Re: [PATCH tip/core/urgent 2/2] rcu: remove INIT_RCU_HEAD,RCU_HEAD_INIT, RCU_HEAD
From: Mathieu Desnoyers
Date: Thu Mar 18 2010 - 16:22:12 EST
* Paul E. McKenney (paulmck@xxxxxxxxxxxxxxxxxx) wrote:
> On Thu, Mar 18, 2010 at 03:35:20PM -0400, Mathieu Desnoyers wrote:
> > * Paul E. McKenney (paulmck@xxxxxxxxxxxxxxxxxx) wrote:
> > > From: Alexey Dobriyan <adobriyan@xxxxxxxxx>
> > >
> > > call_rcu() will unconditionally reinitialize RCU head anyway. New users
> > > of these macros constantly appear, so remove them.
> >
> > Hrm. So do we have something that checks for double-use of a RCU head at
> > the moment ? (using call_rcu() twice on the same head without being
> > certain that the first callback have finished its execution).
> >
> > I think that hiding rcu head initialization into call_rcu() is one more
> > step towards misuses that will silently corrupt rcu head lists.
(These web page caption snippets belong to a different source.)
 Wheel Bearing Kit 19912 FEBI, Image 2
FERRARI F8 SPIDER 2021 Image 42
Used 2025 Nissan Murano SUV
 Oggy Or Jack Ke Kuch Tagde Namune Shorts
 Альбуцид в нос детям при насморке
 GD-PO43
So I
> > think we should first add the double-use debugging option before we
> > remove the RCU head initializations.
>
> So your thought is to have rcu_do_batch() do something like the
> following?
>
> ...
>
> next = list->next;
> prefetch(next);
> list->next = RCU_HEAD_INIT_PTR;
> func = list->func;
> list->func = RCU_HEAD_INIT_PTR;
> func(list);
> ... /* touching anything referenced by "list" is use-after-free. */
>
> Then have __call_rcu() do something like the following before initializing
> the ->func and ->next pointers:
>
> WARN_ON_ONCE(head->next != RCU_HEAD_INIT_PTR ||
> head->func != RCU_HEAD_INIT_PTR);
>
> And then require that all users of call_rcu() and friends use one of the
> RCU_INIT() macros?
>
> Or did you have something else in mind?
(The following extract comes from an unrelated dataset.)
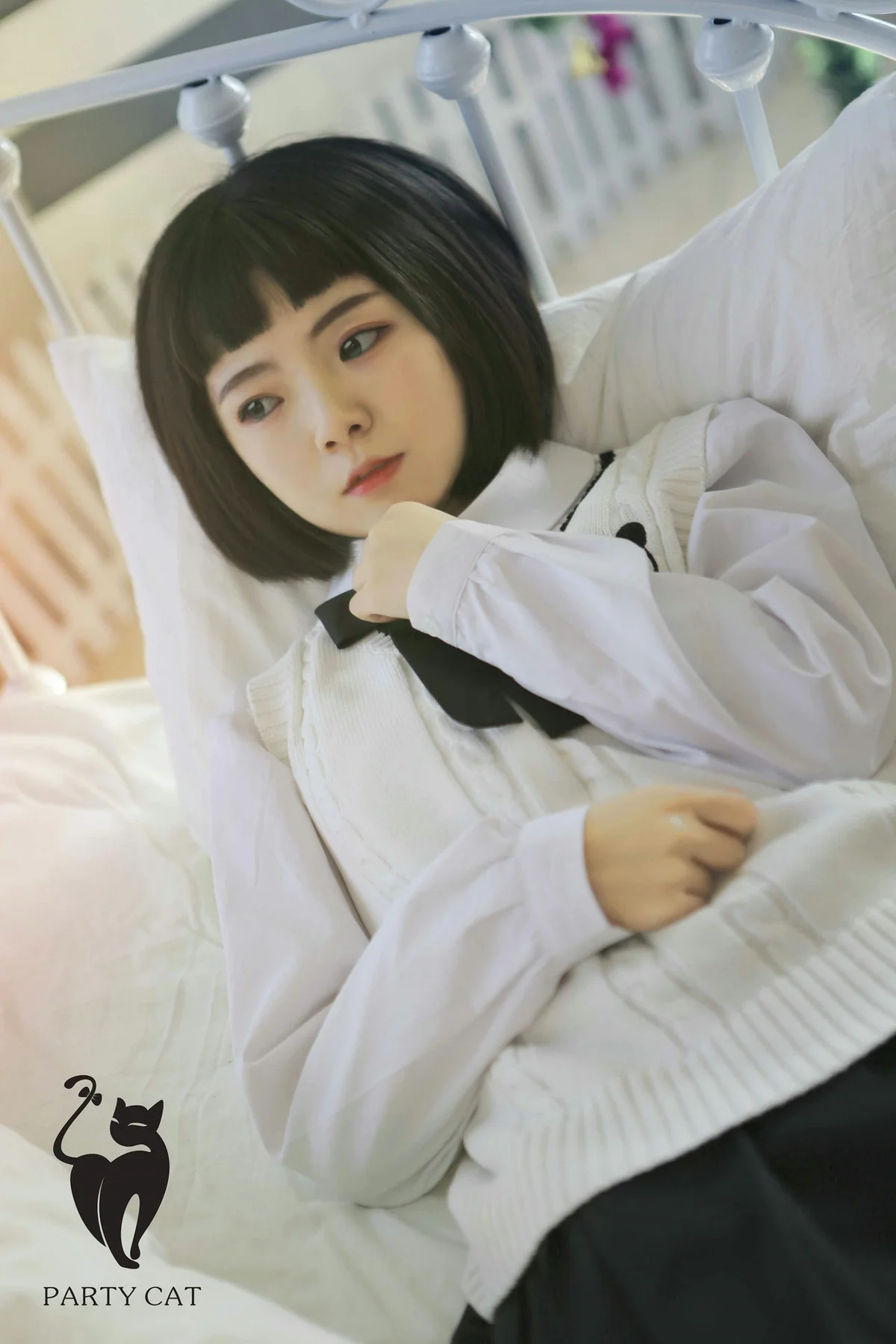 PartyCat 轰趴猫 No.009 Modo 安琪拉 - 1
More precisely poisoning an extra field of the rcu_head, as done in the
following patch.
I posted it a few months ago, but has been rejected on the ground that
it should be re-done in within the debug objects infrastructure. But I
had to focus on other things and never found time to do these changes.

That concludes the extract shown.